Disconnecting call for lack of RTP activity

clyde277 · September 4, 2018, 8:23pm

Hi folks, so I’ve been getting this log for quite a while now. It doesn’t seem to be an easy puzzle for me, and so I was wondering if I could get some clues from you guys.

The full message from asterisk log is this:
2018-09-04 12:06:49] NOTICE[2482] chan_sip.c: Disconnecting call 'SIP/FlowRoute-0000067a' for lack of RTP activity in 301 seconds

Just so you guys know I am using a Mikrotik CCR1009-7G-1C-1S+ running the latest software and firmware. We’ve done some packet queuing in regard with the firewall mangle. So every packet gets identified and queued properly based on priority. RTP, SIP, TCP-ACK… HTTP which is the last one. So far there are 0 RTP and SIP packets dropped from our queues. I have disabled SIP-ALG and set the extension NAT-Mode to Yes - ( force_rport,comedia).
My current asterisk version is 11.25.2 and PBX version is 10.13.66-21.
Let me know if I need to include any other information.
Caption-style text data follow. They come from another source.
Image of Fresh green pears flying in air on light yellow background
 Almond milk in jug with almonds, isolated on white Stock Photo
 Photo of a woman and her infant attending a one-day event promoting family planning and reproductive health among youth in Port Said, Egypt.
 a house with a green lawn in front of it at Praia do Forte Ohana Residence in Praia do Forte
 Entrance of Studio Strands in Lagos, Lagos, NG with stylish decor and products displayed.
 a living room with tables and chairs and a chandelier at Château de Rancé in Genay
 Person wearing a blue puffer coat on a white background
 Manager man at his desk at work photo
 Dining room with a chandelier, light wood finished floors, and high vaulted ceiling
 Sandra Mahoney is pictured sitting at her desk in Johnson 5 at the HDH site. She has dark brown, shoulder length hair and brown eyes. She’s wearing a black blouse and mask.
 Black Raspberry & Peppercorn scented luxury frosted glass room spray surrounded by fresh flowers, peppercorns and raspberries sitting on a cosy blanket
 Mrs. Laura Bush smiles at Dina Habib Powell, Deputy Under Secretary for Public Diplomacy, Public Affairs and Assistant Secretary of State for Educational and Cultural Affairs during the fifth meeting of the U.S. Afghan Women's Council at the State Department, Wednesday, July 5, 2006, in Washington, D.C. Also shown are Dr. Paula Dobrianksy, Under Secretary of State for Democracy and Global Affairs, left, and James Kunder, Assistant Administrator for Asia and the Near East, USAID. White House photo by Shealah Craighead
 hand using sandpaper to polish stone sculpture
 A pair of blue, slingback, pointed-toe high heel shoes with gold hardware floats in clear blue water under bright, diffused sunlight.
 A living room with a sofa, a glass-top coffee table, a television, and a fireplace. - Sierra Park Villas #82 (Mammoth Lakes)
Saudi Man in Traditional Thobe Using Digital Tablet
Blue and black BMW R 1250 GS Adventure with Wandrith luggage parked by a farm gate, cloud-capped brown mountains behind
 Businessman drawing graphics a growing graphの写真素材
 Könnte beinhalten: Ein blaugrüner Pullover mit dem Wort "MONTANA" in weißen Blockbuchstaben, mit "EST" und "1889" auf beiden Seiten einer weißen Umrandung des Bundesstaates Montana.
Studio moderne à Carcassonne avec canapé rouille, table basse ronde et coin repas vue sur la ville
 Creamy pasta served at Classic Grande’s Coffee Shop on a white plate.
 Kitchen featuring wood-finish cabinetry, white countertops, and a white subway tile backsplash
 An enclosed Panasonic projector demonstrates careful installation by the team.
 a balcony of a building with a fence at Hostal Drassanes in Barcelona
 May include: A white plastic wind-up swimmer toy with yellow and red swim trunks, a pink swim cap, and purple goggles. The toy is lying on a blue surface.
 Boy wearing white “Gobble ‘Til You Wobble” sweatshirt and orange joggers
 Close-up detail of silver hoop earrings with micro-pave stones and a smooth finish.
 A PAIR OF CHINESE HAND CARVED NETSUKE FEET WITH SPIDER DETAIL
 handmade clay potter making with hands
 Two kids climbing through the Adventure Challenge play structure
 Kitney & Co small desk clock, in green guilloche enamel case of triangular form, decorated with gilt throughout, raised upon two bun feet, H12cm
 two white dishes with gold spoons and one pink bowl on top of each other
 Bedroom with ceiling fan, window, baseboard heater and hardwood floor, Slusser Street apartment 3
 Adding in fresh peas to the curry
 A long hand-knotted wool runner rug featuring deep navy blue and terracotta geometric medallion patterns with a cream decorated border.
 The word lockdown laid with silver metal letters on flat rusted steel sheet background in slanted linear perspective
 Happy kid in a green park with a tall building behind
BlazeStudios · September 4, 2018, 8:47pm

That’s a direct copy and paste from the logs? There was an edit or typo or missing data in the copy and paste? Because that would mean that Asterisk waited over 5 minutes for there to be no RTP on this call. That is way above the 30 seconds FreePBX uses for the default RTP Timeout.

Show your Flowroute trunk config so we can make sure it’s not messed up.

clyde277 · September 4, 2018, 9:01pm

Here is my trunk config:

type=friend
secret=XXXXXXXXXX
username=YYYYYYYYY
host=sip.flowroute.com
dtmfmode=rfc2833
context=from-trunk
canreinvite=no
allow=ulaw
;allow=g729 ;uncomment this line if you have G.729 licenses installed.
insecure=port,invite
fromdomain=sip.flowroute.com

Yes that’s a direct copy paste from Asterisk log. I setup 300 seconds because I was having issues with dropped calls, and I thought that increasing the Timeout from 30 to 300 might help.

also not sure if worth mentioning these other Media & RTP settings:

Reinvite Behavior: No
RTP Timeout : 300
RTP Hold Timeout: 300
RTP Keep Alive: 0

cynjut · September 5, 2018, 2:12pm

Obvious questions - are you properly forwarding the UDP RTP ports from the external firewall to the PBX, and do you have all of your external connections correctly identified in the Internal Firewall?

clyde277 · September 5, 2018, 9:06pm

That’s a great question. Let me explain.

On the PBX the RTP port range is from 10000 to 200000.
On one mikrotik RTP ports are the same, 10000 to 20000
But on another mikrotik RTP ports are from 8000 to 65000. Now this is the setup that a VoIP consultant suggested, since he was the one who setup our Mangle and Queue on the Mikrotik. Obviously the Mangle rule specifies to mark packets that comes off our PBX public IP. Since PBX will probably never send any ports above 20000, I should probably change that on this mikrotik. (Although I have already changed on the other mikrotik in another office).

On the other side, our polycom conference phones have an option when we specify the start of the RTP ports, but we can’t specify the ending of the RTP ports (not sure why). We have like 10 conference phones, and RTP ports are left at their default one which is 2222. I can certainly change this port, and I am actually doing some test after I just changed the port. But I am not sure if this is my issue, since dropped calls are coming from cisco phones as well.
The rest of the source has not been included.